▶ TASK INPUT
##############################
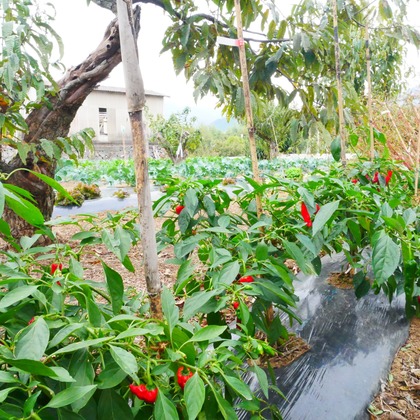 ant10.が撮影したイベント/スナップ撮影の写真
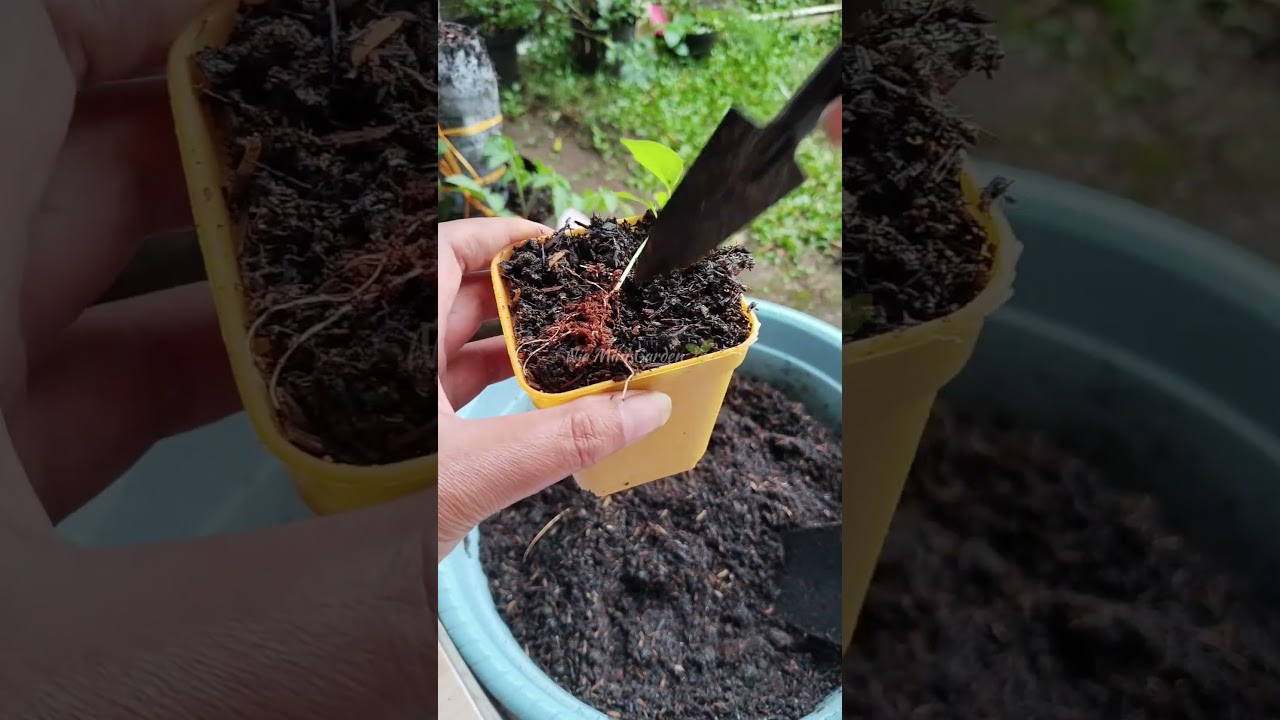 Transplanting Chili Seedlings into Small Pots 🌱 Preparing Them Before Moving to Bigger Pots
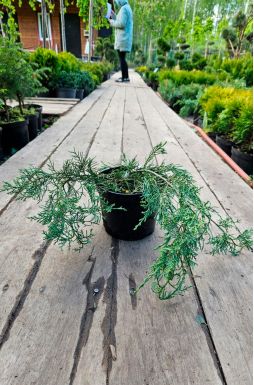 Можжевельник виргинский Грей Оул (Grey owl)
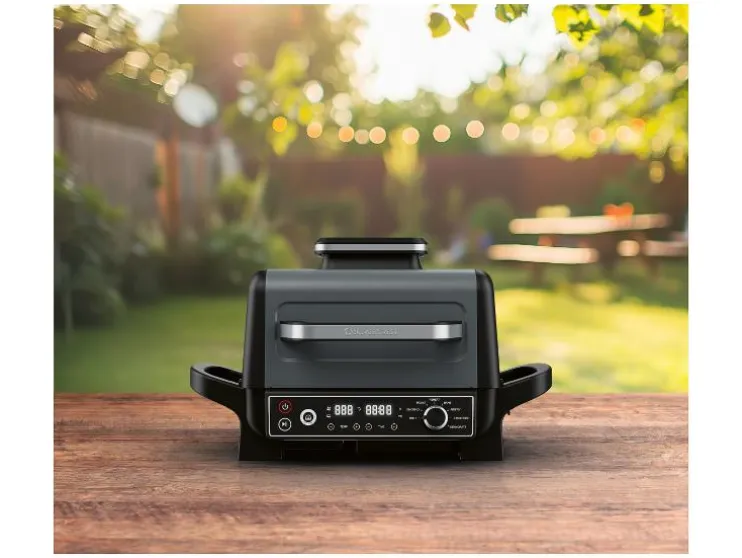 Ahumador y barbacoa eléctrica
##############################
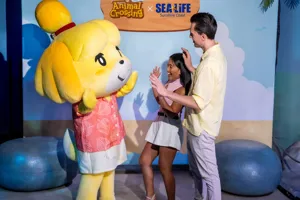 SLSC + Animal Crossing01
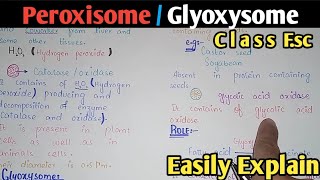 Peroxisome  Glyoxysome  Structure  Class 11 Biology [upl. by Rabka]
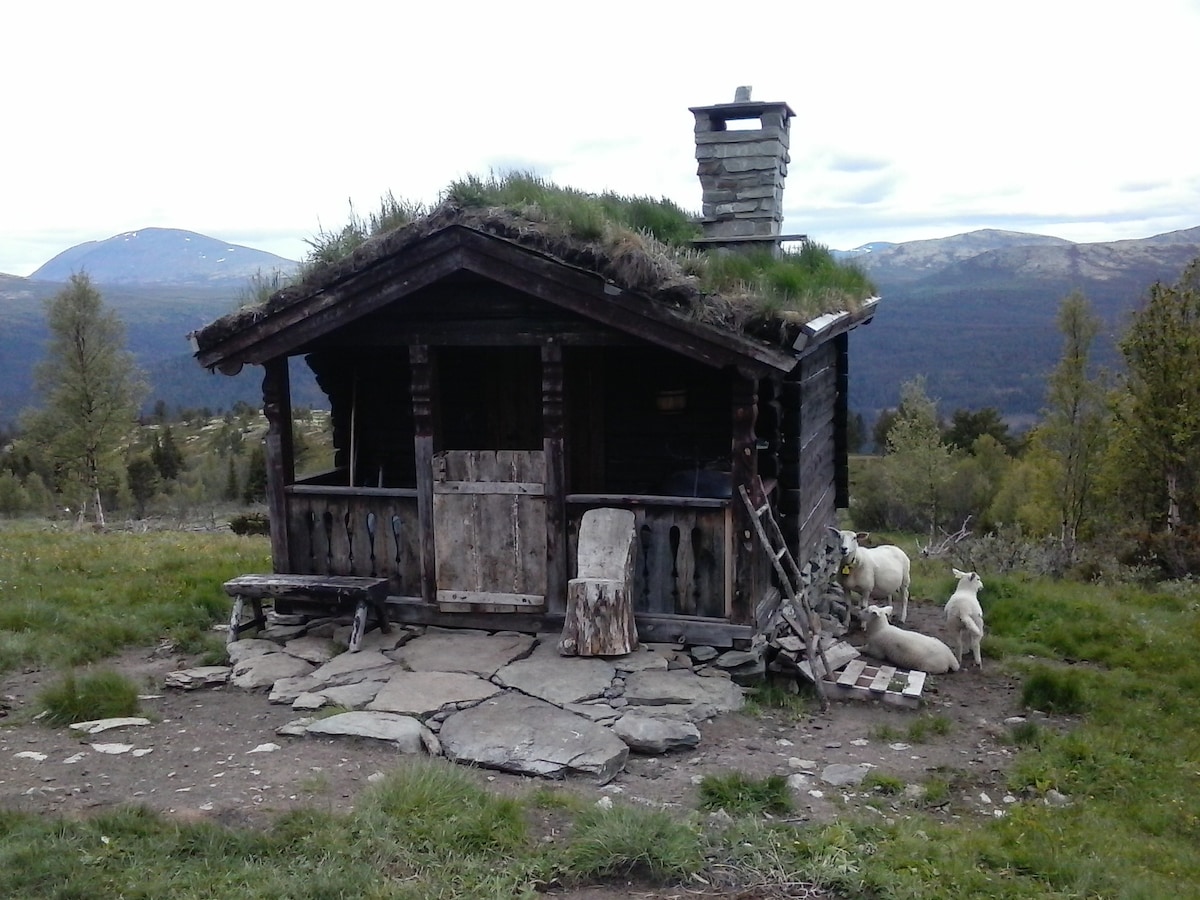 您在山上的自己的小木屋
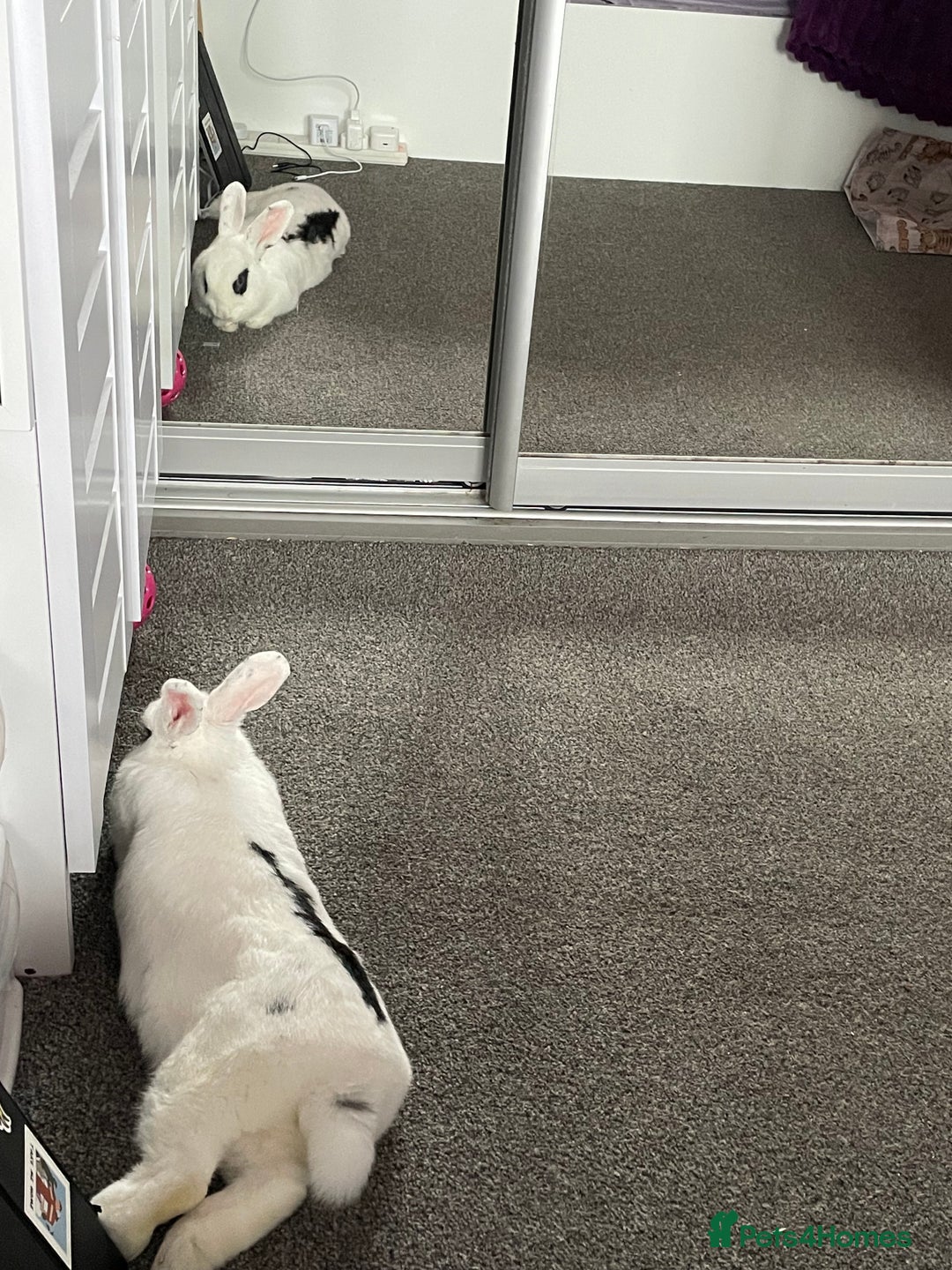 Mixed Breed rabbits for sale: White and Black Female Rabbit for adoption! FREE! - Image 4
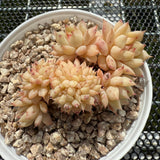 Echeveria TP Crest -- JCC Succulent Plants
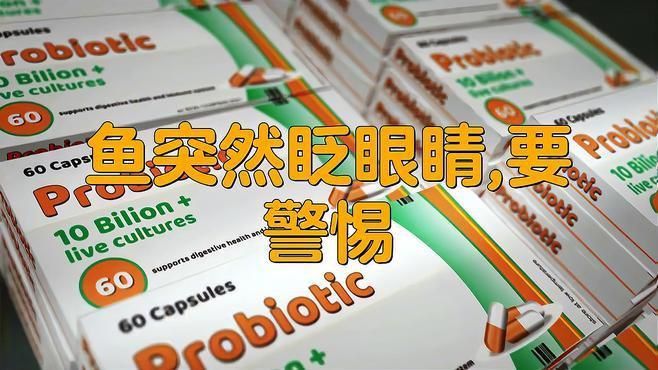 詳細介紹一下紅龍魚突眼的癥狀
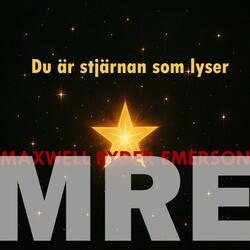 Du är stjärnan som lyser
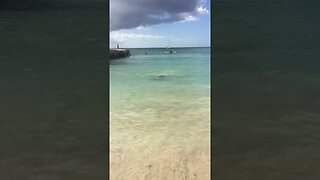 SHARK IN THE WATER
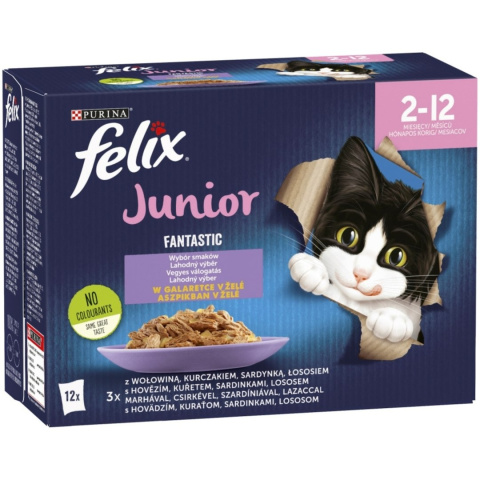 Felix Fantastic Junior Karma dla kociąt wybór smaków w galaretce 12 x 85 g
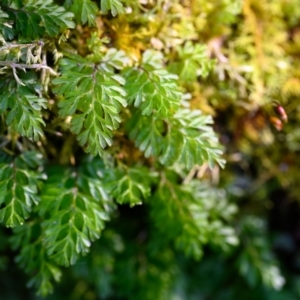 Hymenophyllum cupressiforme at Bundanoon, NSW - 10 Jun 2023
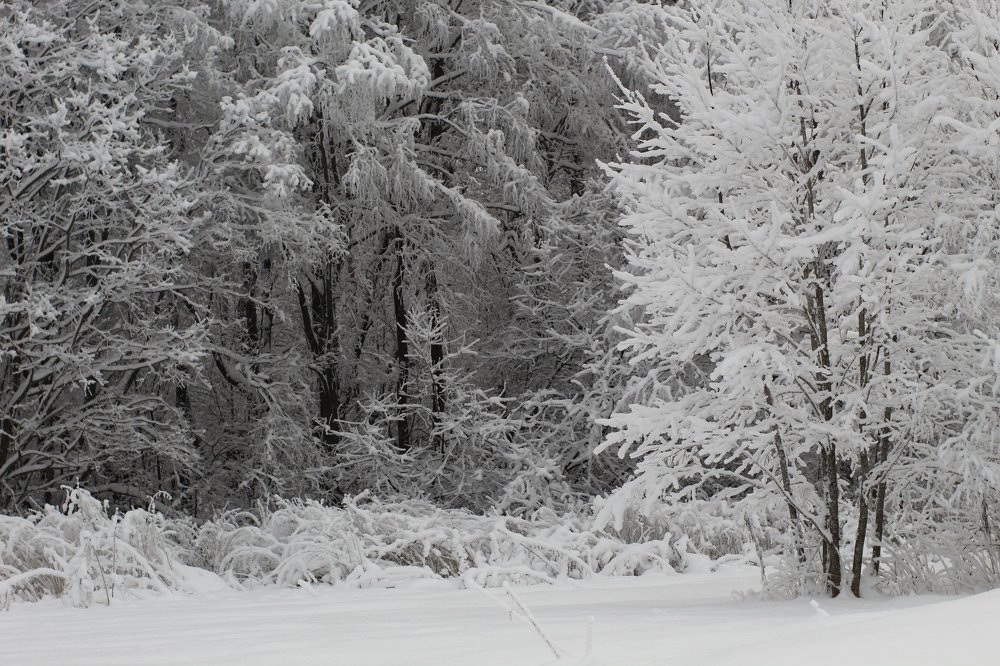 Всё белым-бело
##############################
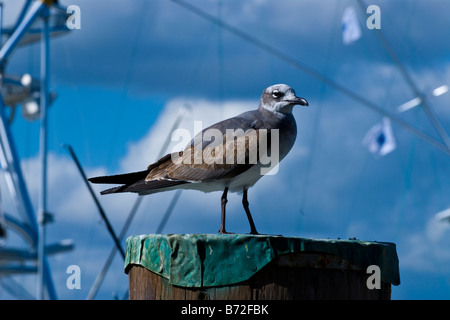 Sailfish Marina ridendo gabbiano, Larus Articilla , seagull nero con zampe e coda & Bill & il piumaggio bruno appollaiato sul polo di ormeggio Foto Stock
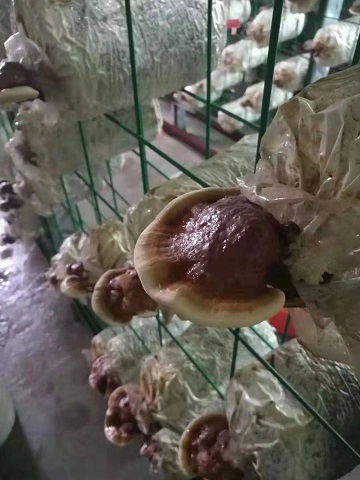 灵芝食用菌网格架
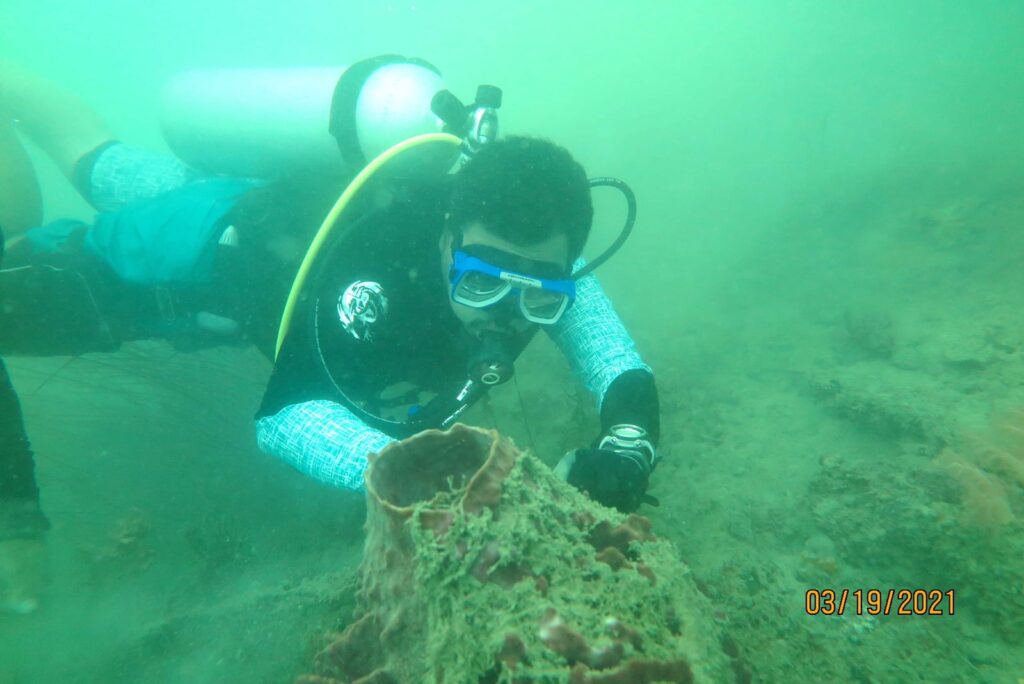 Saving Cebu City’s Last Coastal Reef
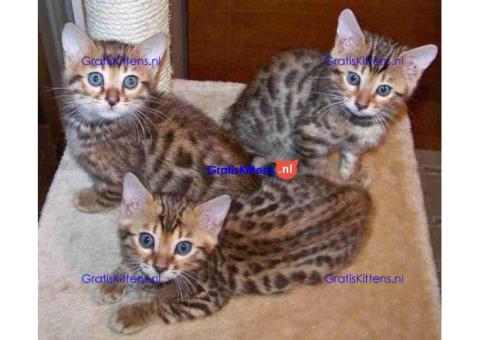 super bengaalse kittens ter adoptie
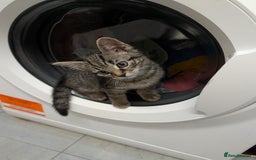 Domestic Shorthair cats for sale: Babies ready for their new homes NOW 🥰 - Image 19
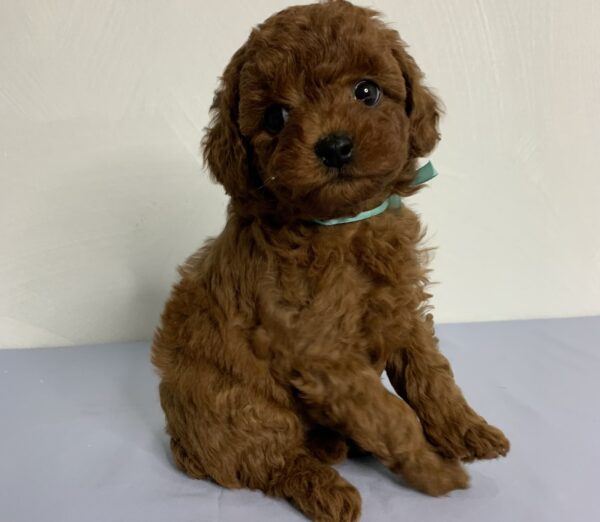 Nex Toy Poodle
##############################
▶ EXERCISE DIRECTIONS
Output should consist of the lines above from the one with "您在山上的自己的小木屋" down to the one with "Всё белым-бело", exact and without pictures.

▶ REPLY TO THE EXERCISE
 您在山上的自己的小木屋
 Mixed Breed rabbits for sale: White and Black Female Rabbit for adoption! FREE! - Image 4
 Echeveria TP Crest -- JCC Succulent Plants
 詳細介紹一下紅龍魚突眼的癥狀
 Du är stjärnan som lyser
 SHARK IN THE WATER
 Felix Fantastic Junior Karma dla kociąt wybór smaków w galaretce 12 x 85 g
 Hymenophyllum cupressiforme at Bundanoon, NSW - 10 Jun 2023
 Всё белым-бело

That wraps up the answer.